Wherever a picture sits, omit it. Output the rest of the listing exactly.

__DATA EXCERPT__:
|---|
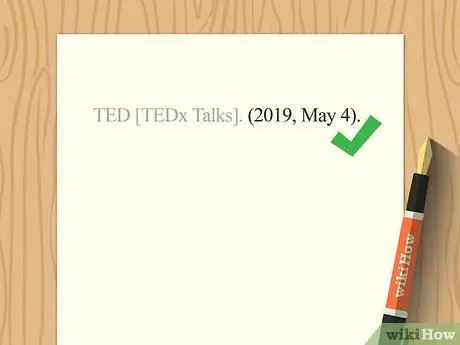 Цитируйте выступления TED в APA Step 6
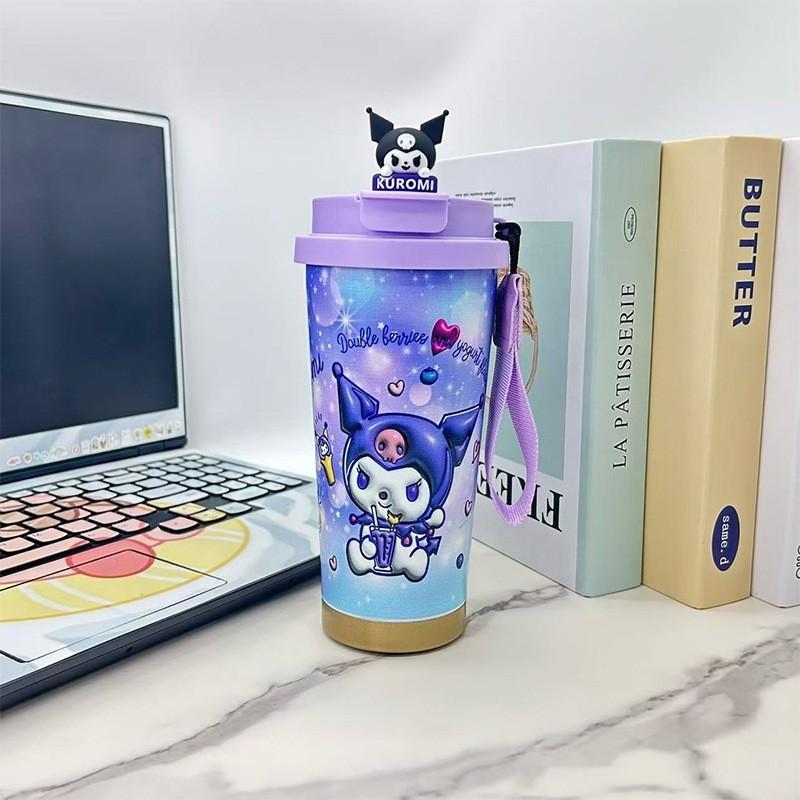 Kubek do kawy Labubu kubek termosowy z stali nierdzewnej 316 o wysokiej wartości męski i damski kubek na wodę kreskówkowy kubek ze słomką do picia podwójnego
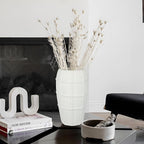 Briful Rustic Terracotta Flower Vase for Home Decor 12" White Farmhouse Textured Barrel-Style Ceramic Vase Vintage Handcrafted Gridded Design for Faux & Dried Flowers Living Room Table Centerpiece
|---|
__SOLUTION TO THIS EXERCISE__:
 Цитируйте выступления TED в APA Step 6
 Kubek do kawy Labubu kubek termosowy z stali nierdzewnej 316 o wysokiej wartości męski i damski kubek na wodę kreskówkowy kubek ze słomką do picia podwójnego
 Briful Rustic Terracotta Flower Vase for Home Decor 12" White Farmhouse Textured Barrel-Style Ceramic Vase Vintage Handcrafted Gridded Design for Faux & Dried Flowers Living Room Table Centerpiece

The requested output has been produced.